* [Task item]: Pictures aside, quote the whole listing exactly.

- - -

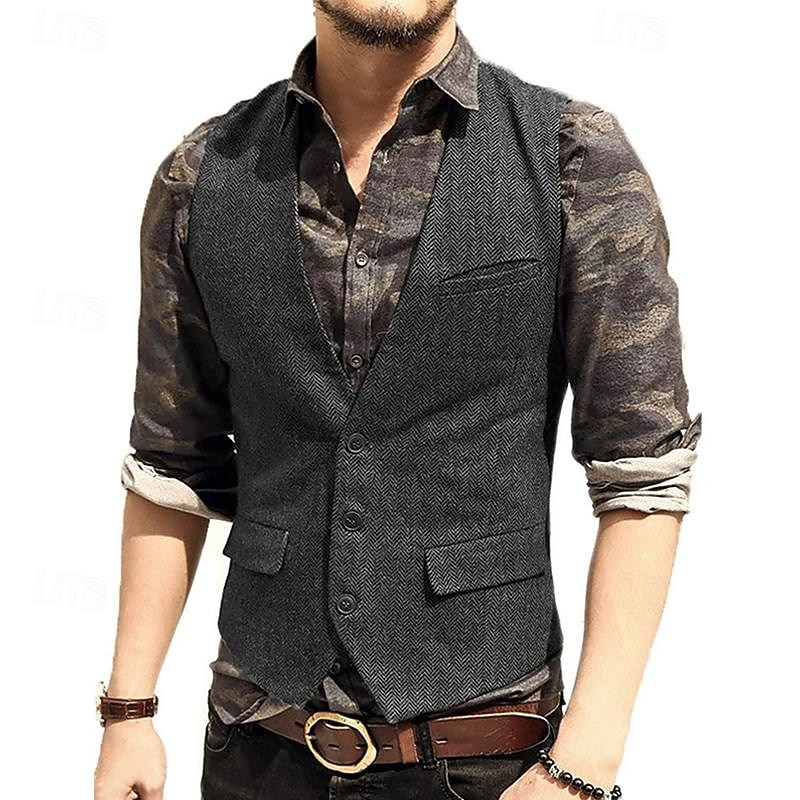 Voor heren Vest Bruiloft Evenement / Feest Dagelijks Modieus Zakelijk Lente zomer nappi Zak Polyester Comfortabel Effen Kleur Enkele knoopsluiting één knoop V-hals Normale pasvorm Zilver Donker Bruin 2025 - $38.99 –P2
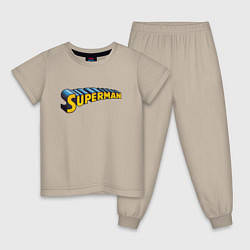 Пижама хлопковая детская Superman, цвет: миндальный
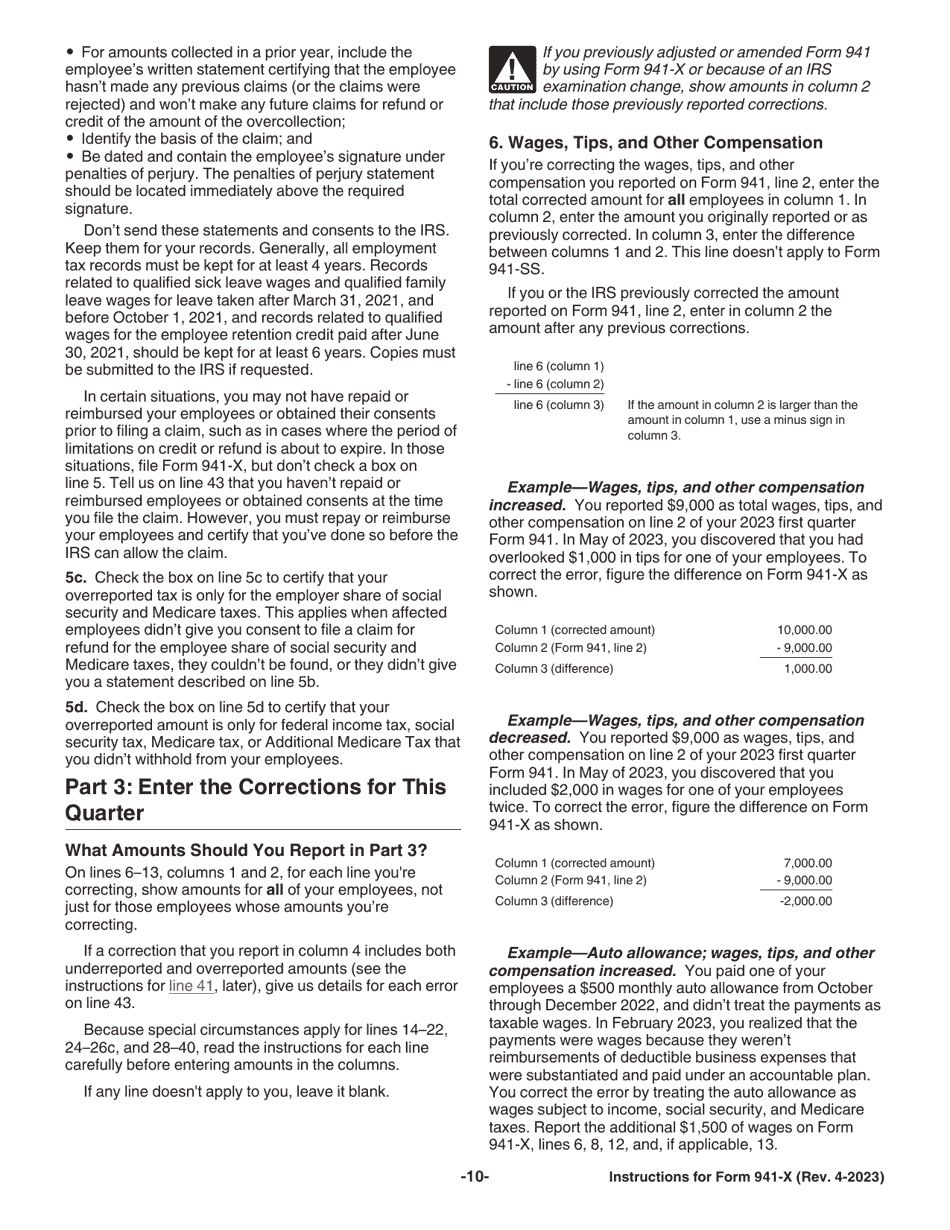 Instructions for IRS Form 941-X Adjusted Employers Quarterly Federal Tax Return or Claim for Refund, Page 10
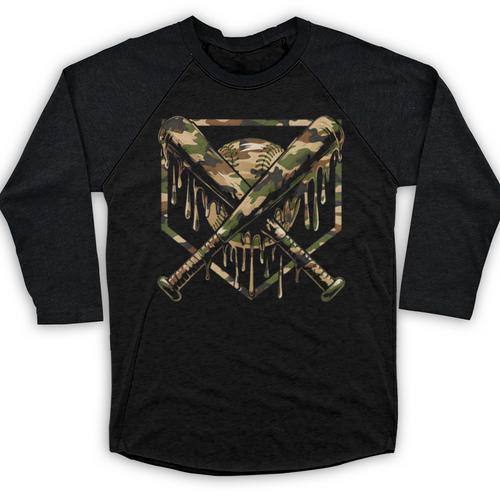 Baseball Drip Ice Cream Camo Home Plate Bats Sports Game Day Baseball Raglan Shirt - Sportilla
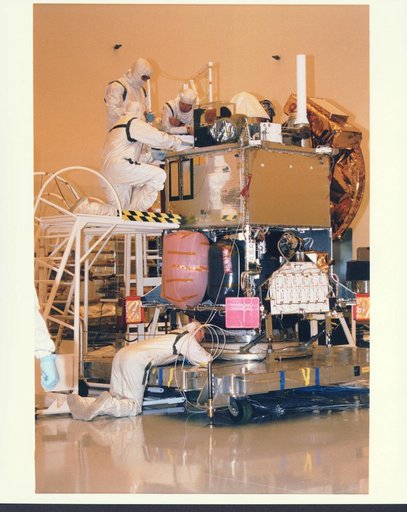 KENNEDY SPACE CENTER, FLA. -  In the Payload Hazardous Servicing Facility at KSC, installation is under way of the Mars Orbiter Camera (MOC) on the Mars Global Surveyor spacecraft.  The MOC is one of a suite of six scientific instruments that will gather data about Martian topography, mineral distri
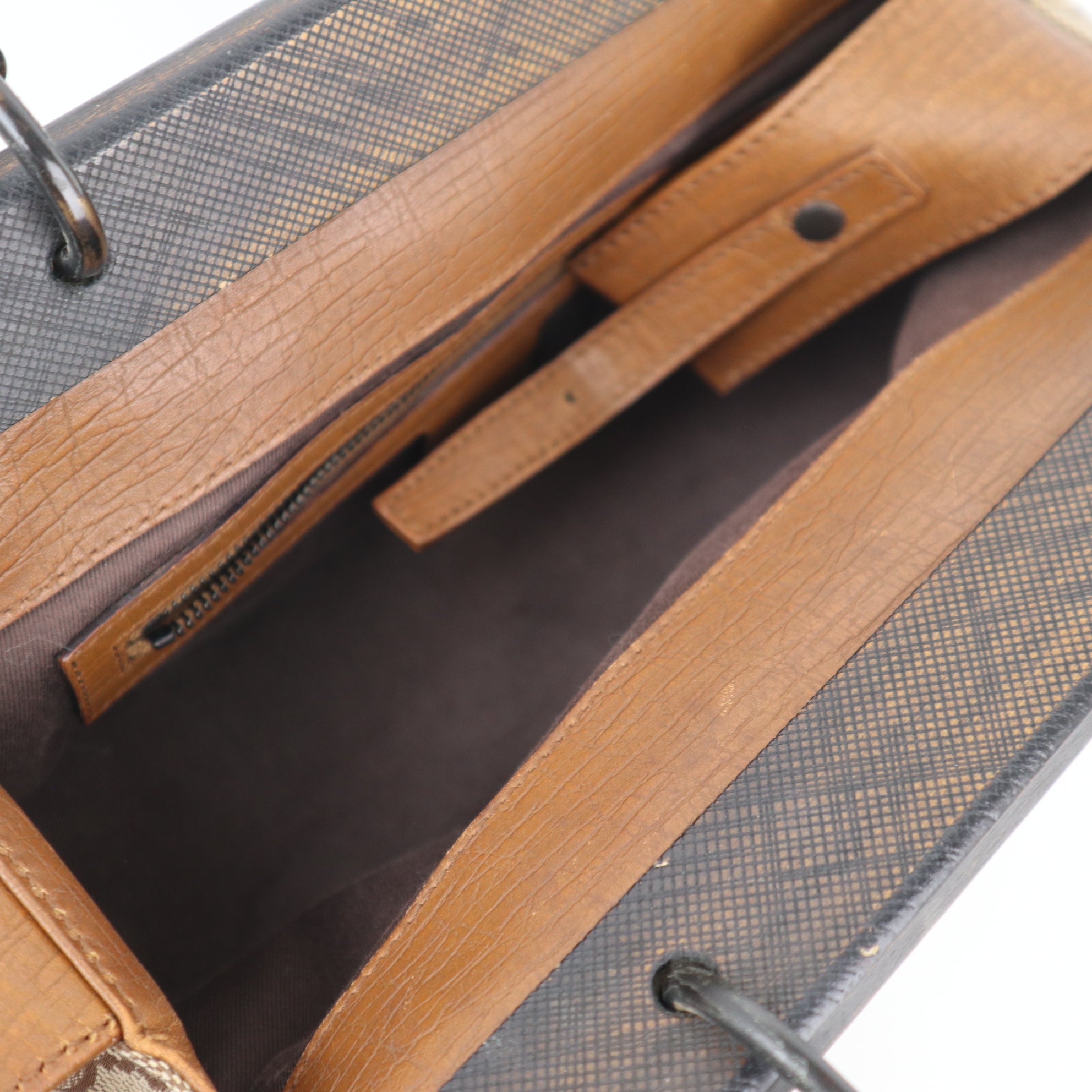 C2170 Gucci Tote Bag GG Canvas Wood Handle Tote Bag | Pre-Owned Very Good Brown GG Canvas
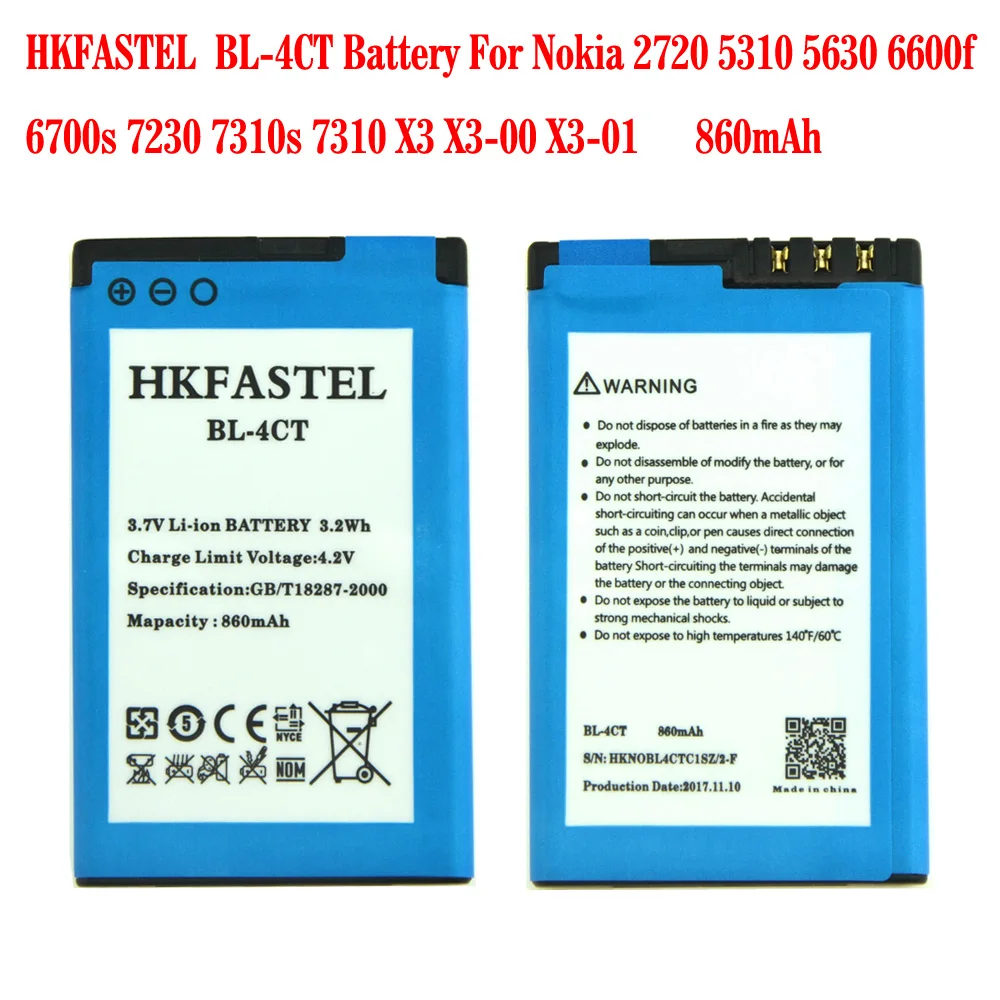 Hkfastel Новый BL 4CT 4ct литий ионный Сотовый телефон Батарея для Nokia 2720f 2720a 2720 раза 5310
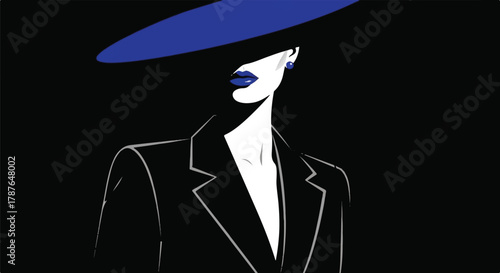 Elegant woman in a blue hat and blazer with striking contrast and bold style on transparent background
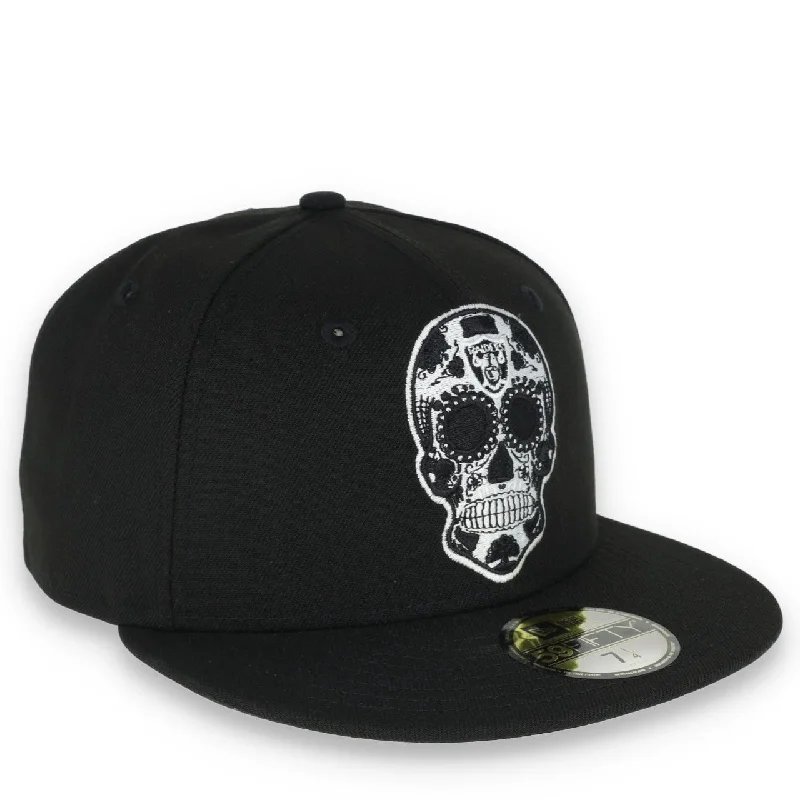 Elegant Hat-NEW ERA LAS VEGAS RAIDERS SUGAR SKULL 59FIFTY FITTED HAT-BLACK/WHITE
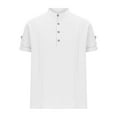 thumbnail image 1 of WREESH Men's Linen-Cotton Blended Stand Collar Henley Shirt Beach Casual Pullover Top with Chest Pocket & Breathable Short Sleeves, 1 of 5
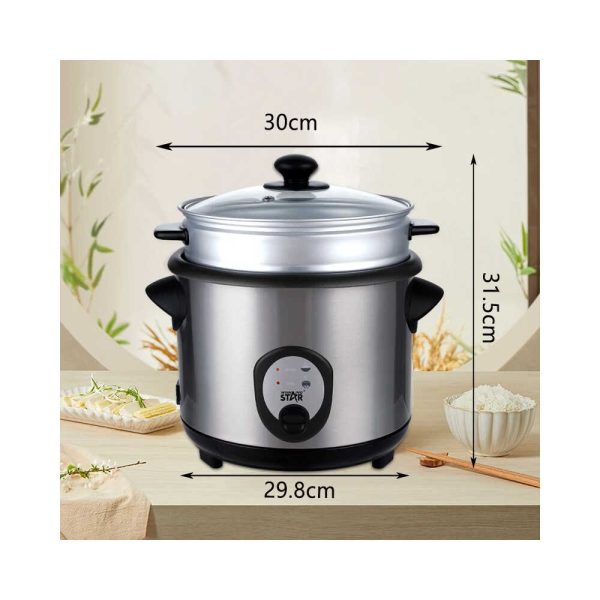 WINNING STAR ST-9352 Elektromos Rizsfőző és Pároló, 2.2L, 900W, Rozsdamentes Acél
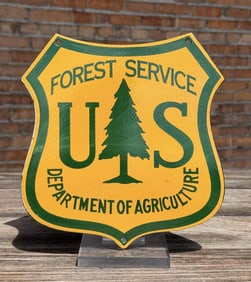 Porcelain USFS US Forest Service Shield Sign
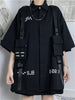 Bf Style Techwear Gothic Goth Blouses Women Vintage Shirt Hip Hop Black Shirts Casual Short Sleeve Streetwear Egirl Clothes Emo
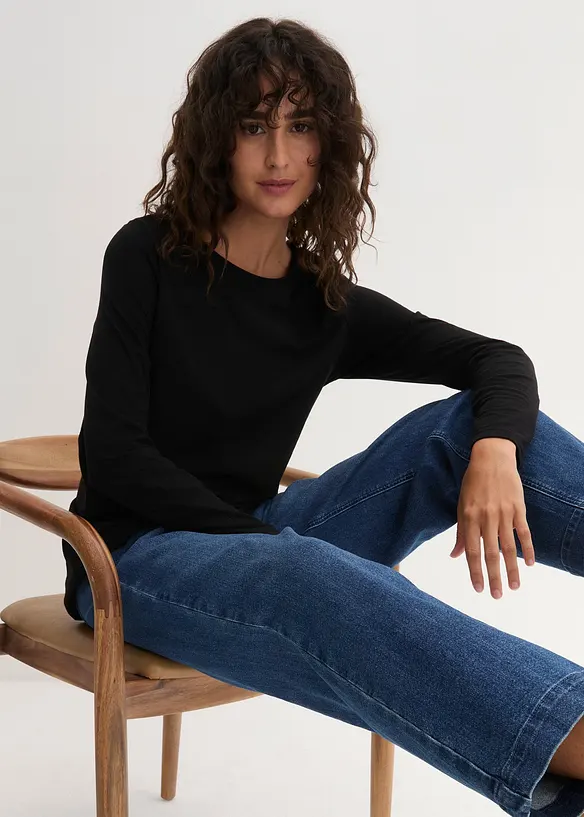 Langarm-Shirt mit reiner Bio-Baumwolle, bonprix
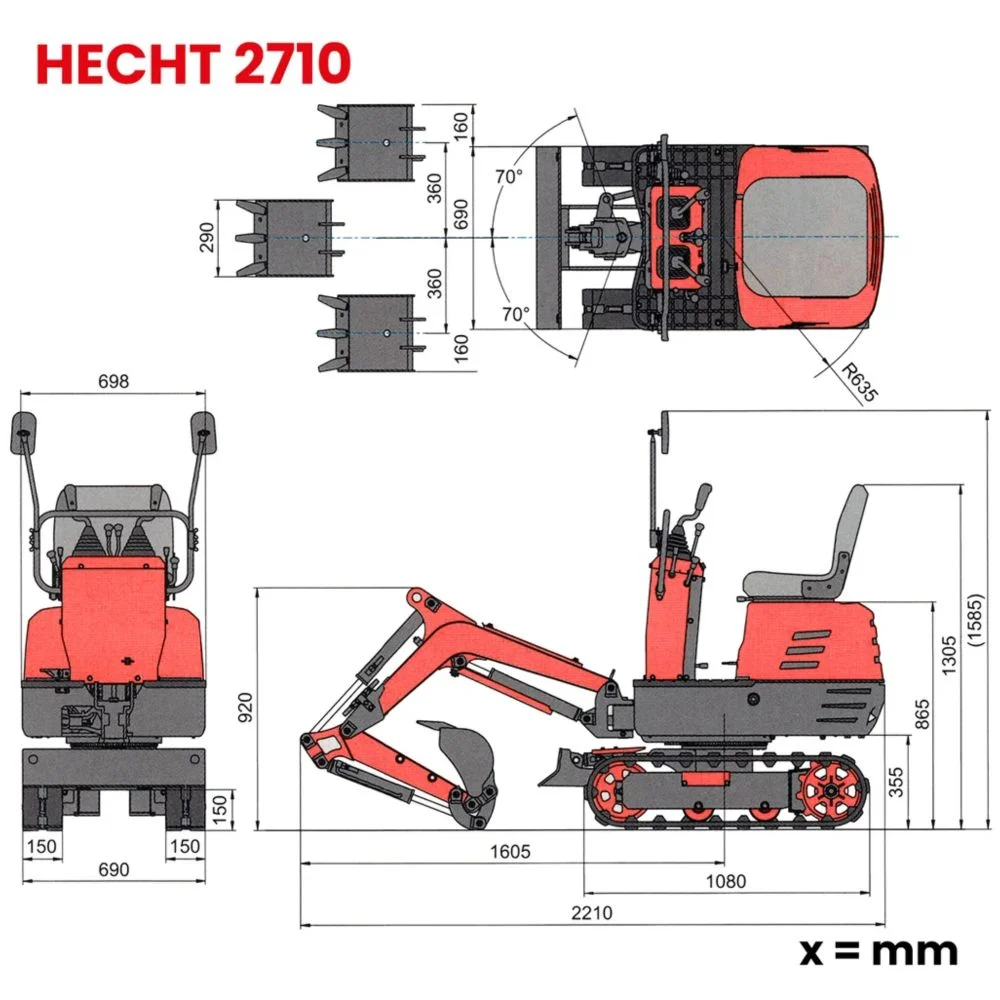 Мини багер HECHT 2710, 8.5 к.с., 306 см³, дълбочина на копаене 1200 мм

- - -

* [Answer to the problem]:
 Voor heren Vest Bruiloft Evenement / Feest Dagelijks Modieus Zakelijk Lente zomer nappi Zak Polyester Comfortabel Effen Kleur Enkele knoopsluiting één knoop V-hals Normale pasvorm Zilver Donker Bruin 2025 - $38.99 –P2
 Пижама хлопковая детская Superman, цвет: миндальный
 Instructions for IRS Form 941-X Adjusted Employers Quarterly Federal Tax Return or Claim for Refund, Page 10
 Baseball Drip Ice Cream Camo Home Plate Bats Sports Game Day Baseball Raglan Shirt - Sportilla
 KENNEDY SPACE CENTER, FLA. -  In the Payload Hazardous Servicing Facility at KSC, installation is under way of the Mars Orbiter Camera (MOC) on the Mars Global Surveyor spacecraft.  The MOC is one of a suite of six scientific instruments that will gather data about Martian topography, mineral distri
 C2170 Gucci Tote Bag GG Canvas Wood Handle Tote Bag | Pre-Owned Very Good Brown GG Canvas
 Hkfastel Новый BL 4CT 4ct литий ионный Сотовый телефон Батарея для Nokia 2720f 2720a 2720 раза 5310
 Elegant woman in a blue hat and blazer with striking contrast and bold style on transparent background
 Elegant Hat-NEW ERA LAS VEGAS RAIDERS SUGAR SKULL 59FIFTY FITTED HAT-BLACK/WHITE
 thumbnail image 1 of WREESH Men's Linen-Cotton Blended Stand Collar Henley Shirt Beach Casual Pullover Top with Chest Pocket & Breathable Short Sleeves, 1 of 5
 WINNING STAR ST-9352 Elektromos Rizsfőző és Pároló, 2.2L, 900W, Rozsdamentes Acél
 Porcelain USFS US Forest Service Shield Sign
 Bf Style Techwear Gothic Goth Blouses Women Vintage Shirt Hip Hop Black Shirts Casual Short Sleeve Streetwear Egirl Clothes Emo
 Langarm-Shirt mit reiner Bio-Baumwolle, bonprix
 Мини багер HECHT 2710, 8.5 к.с., 306 см³, дълбочина на копаене 1200 мм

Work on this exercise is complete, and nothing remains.